Milwaukee Arts and Culture Going Virtual
Google has added a number of Milwaukee institutions to its Arts & Culture page.
In 2018, Vogue published an article titled “Why Milwaukee Is the Midwest’s Coolest (and Most Underrated) City.” It ended up being one of the publication’s most popular travel stories of 2018 — further driving home the article’s point that Milwaukee is no longer the Midwest’s best kept secret. And now, with a new app developed by Google, people from all over the world can come experience what all of that hype is about from the comfort of their homes.
Google announced in July that it had partnered with 16 Milwaukee institutions in order to highlight the city’s culture, people and stories on its Google Arts & Culture platform and app. These partners include the Milwaukee Art Museum, Radio Milwaukee, Visit Milwaukee, the Grohmann Museum at MSOE, the Harley-Davidson Museum, Imagine MKE, Sculpture Milwaukee, the Haggerty Museum of Art at Marquette University, Milwaukee County Parks, Milwaukee Repertory Theater, Milwaukee Public Museum, Charles Allis Art Museum, Milwaukee Youth Symphony Orchestra, First Stage, the Chudnow Museum of Yesteryear and the Milwaukee Institute of Art and Design.
Google’s Arts & Culture platform started offering inside looks at various cultures and histories in 2011. Since then, over 2,000 cultural institutions from 80 countries have become just a click away. Milwaukee marks the first city in the Great Lakes region and the second in the United States — the first being Kansas City — to be featured on this platform.
“We looked at the cities that were less known on the global scale,” said Google Arts & Culture US Lead Simon Delacroix. “Everybody’s heard of L.A. or New York, so we wanted to move away from these cities.”
Food, art and music are at the forefront of Milwaukee’s Google Arts & Culture page, which welcomes visitors with the tagline “From custard to contemporary art, murals to Lake Michigan.” The home page acts like a hub for all of the Milwaukee partners, from which visitors can participate in a variety of virtual activities that range from 360 degree virtual trips to places like the Milwaukee Public Museum to an interactive search for Milwaukee’s first hip-hop song via a digital exhibit presented by Radio Milwaukee. Time travel is also an option — visitors can virtually explore past exhibits, such as the 2018 and 2019 Sculpture Milwaukee exhibits.

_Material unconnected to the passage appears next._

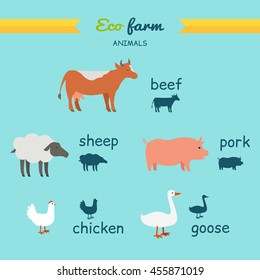 Set of domestic animals illustrations. Eco farm vector. Flat design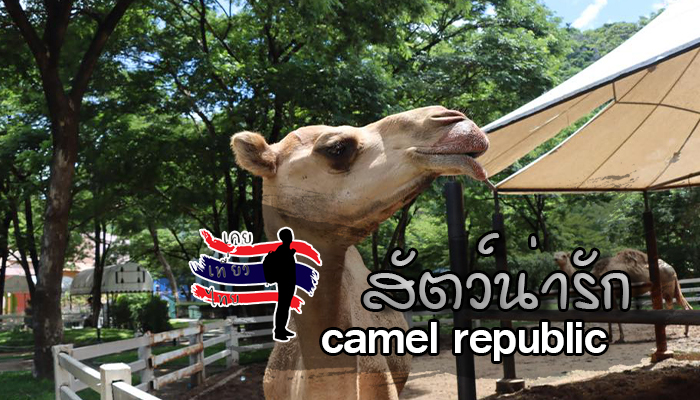 สัตว์น่ารักที่ camel republic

“Milwaukee has a strong fine arts presence, and you can really feel that all of these different institutions contribute to Milwaukee’s DNA,” says Delacroix. “That’s what we really appreciated by visiting Milwaukee and working on this project: seeing how the network was making a lot of sense when you look at the [Google Arts & Culture] page and see all of these different stories coming together to tell a broader narrative.”

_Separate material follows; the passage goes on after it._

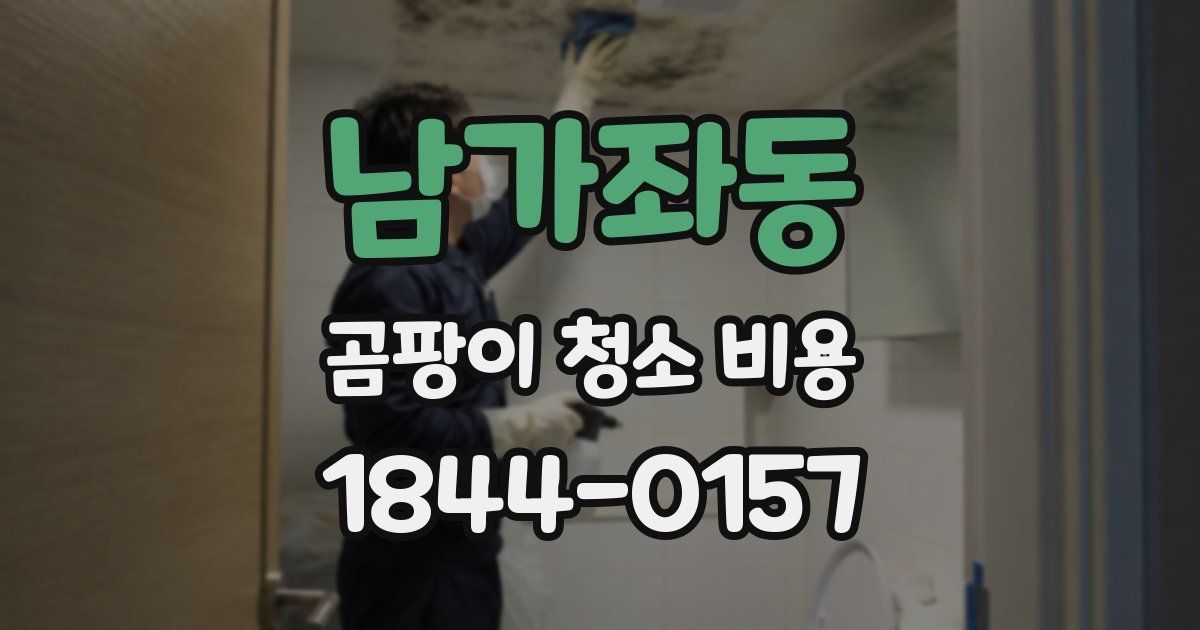 남가좌동 곰팡이 청소 비용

The project isn’t limited to just the 16 initial partners. Organizations that are interested in becoming a part of the virtual Milwaukee experience can inquire on the Google Arts & Culture website. From there, each partner is responsible for updating their respective pages with new digital collections and experiences, but assistance from the Arts & Culture team is available and free.
Google Arts & Culture is a non-profit initiative, and the app is downloadable for free on iOS and Android, or can be accessed by visiting this page. It’s easy to navigate, and couldn’t have come at a more appropriate time, considering many museums and other Milwaukee landmarks remain shutdown or partially open during the pandemic.
“Sometimes you forget your own backyard, so it’s a good way to remember that it’s there and when things start to reopen, to pay attention to these institutions and visit them and support them,” says Delacroix.
And with the DNC pivoting to an almost entirely virtual experience and Stephen Colbert virtually (and satirically) visiting Milwaukee on the “Late Show,” the project is an accessible way for many to satisfy the curiosity that they may have about the “Midwest’s coolest city.”